## EXERCISE BRIEF
Within the entries that follow, report how many lines contain the word "Casual", giving the number by itself.

## RECORDED DATA
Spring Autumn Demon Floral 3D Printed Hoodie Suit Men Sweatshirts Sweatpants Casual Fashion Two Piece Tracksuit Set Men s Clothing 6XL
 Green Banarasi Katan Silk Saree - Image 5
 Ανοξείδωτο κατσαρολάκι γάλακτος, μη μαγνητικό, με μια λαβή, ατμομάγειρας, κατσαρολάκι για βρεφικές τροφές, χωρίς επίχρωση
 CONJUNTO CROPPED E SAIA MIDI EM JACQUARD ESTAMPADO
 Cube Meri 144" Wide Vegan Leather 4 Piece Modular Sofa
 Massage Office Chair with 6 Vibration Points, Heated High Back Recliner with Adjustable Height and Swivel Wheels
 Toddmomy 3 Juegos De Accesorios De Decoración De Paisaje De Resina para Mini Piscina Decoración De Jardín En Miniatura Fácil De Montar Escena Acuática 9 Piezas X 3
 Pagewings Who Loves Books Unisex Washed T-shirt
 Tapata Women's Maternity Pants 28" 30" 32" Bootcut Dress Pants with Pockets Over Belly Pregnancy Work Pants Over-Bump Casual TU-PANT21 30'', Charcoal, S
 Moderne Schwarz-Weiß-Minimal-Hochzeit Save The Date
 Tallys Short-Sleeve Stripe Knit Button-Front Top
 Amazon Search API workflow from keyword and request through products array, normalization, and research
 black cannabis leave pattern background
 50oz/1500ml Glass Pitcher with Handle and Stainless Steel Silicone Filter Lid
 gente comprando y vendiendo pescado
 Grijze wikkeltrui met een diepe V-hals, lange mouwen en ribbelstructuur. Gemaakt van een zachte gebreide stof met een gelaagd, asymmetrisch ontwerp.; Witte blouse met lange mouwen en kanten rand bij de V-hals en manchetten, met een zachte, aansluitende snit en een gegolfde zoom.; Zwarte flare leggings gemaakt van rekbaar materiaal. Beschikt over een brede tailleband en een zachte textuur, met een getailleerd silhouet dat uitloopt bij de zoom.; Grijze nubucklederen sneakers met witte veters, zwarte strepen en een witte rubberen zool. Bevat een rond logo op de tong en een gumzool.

## EXPECTED OUTPUT
2